Author: Dr. Nili Raam


The Tyrannical Ideal of Feminine Pulchritude



Let her who is satisfied with her physical attributes raise her hand…



Most people, and especially most women, are dissatisfied with their appearance, their weight and/or the shape of certain parts of their body.
Women engage intensively in grooming and “shaping up”, and spend no small amount of time inspecting, examining and actually even falling into a depression on account of their breasts being too small, too large or too pendulous.
Fat legs, broad hips and other “defects” are a source of endless suffering. The unrelenting and, from her point of view, disadvantageous comparison with the ideal model can be highly frustrating to a woman unable to free herself from this dictate and make friends with her body.
Too many women feel – not without cause - as if they were under constant judgmental scrutiny. While men win the role of observers and evaluators, so to speak, women are the objects of such observations and evaluations. The balance of forces between them is such that men select and women are being selected. The woman being depicted as a sexual object, and the use that is made of her and her body, particularly in advertising, generate a process of woman’s dehumanization; woman is not a person, but rather something else – a symbol, an object, an exhibit, an ideal and so forth.

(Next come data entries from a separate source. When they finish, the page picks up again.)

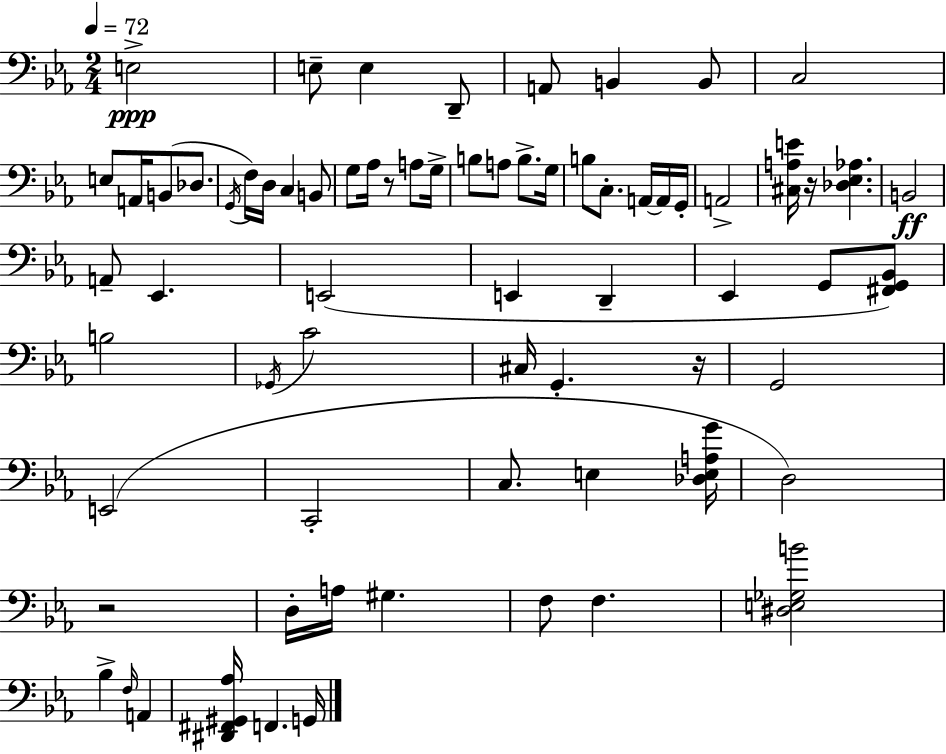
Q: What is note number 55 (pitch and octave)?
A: F3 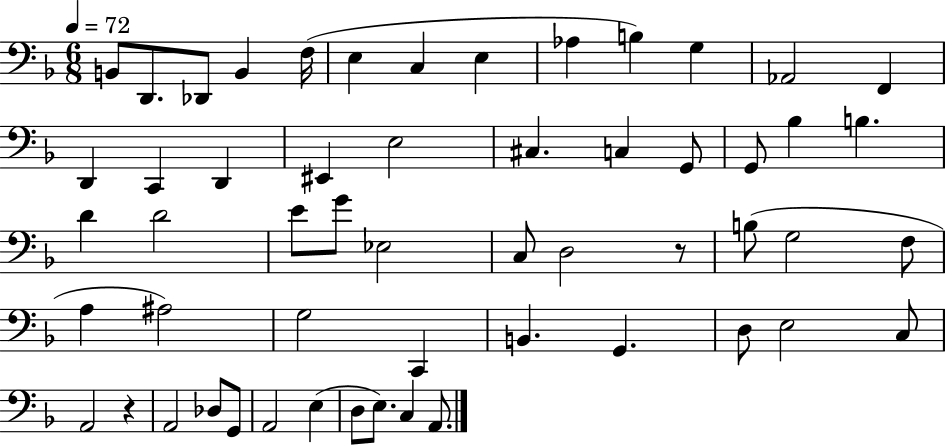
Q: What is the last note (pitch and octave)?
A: A2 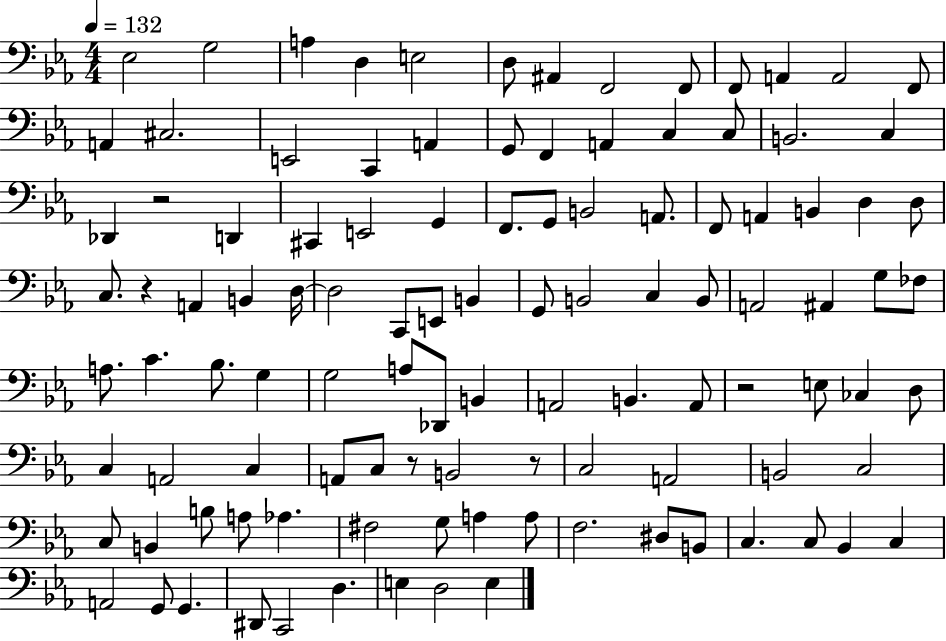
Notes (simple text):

Eb3/h G3/h A3/q D3/q E3/h D3/e A#2/q F2/h F2/e F2/e A2/q A2/h F2/e A2/q C#3/h. E2/h C2/q A2/q G2/e F2/q A2/q C3/q C3/e B2/h. C3/q Db2/q R/h D2/q C#2/q E2/h G2/q F2/e. G2/e B2/h A2/e. F2/e A2/q B2/q D3/q D3/e C3/e. R/q A2/q B2/q D3/s D3/h C2/e E2/e B2/q G2/e B2/h C3/q B2/e A2/h A#2/q G3/e FES3/e A3/e. C4/q. Bb3/e. G3/q G3/h A3/e Db2/e B2/q A2/h B2/q. A2/e R/h E3/e CES3/q D3/e C3/q A2/h C3/q A2/e C3/e R/e B2/h R/e C3/h A2/h B2/h C3/h C3/e B2/q B3/e A3/e Ab3/q. F#3/h G3/e A3/q A3/e F3/h. D#3/e B2/e C3/q. C3/e Bb2/q C3/q A2/h G2/e G2/q. D#2/e C2/h D3/q. E3/q D3/h E3/q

Women unconsciously internalize this message and invest a great deal of effort in meeting expectations and finding favor. Needless to say how this must negatively effect their degree of self esteem. The American women’s magazine Marie Claire recently published the findings of a survey. Of hundreds of men who were asked whether they felt embarrassed or bothered by what their spouses thought of their appearance, sixty-seven percent replied in the negative. But eighty percent of women answering the same question replied that they were embarrassed or ashamed of their bodies, or certain body parts, and that they were afraid their bodies were “not beautiful enough”.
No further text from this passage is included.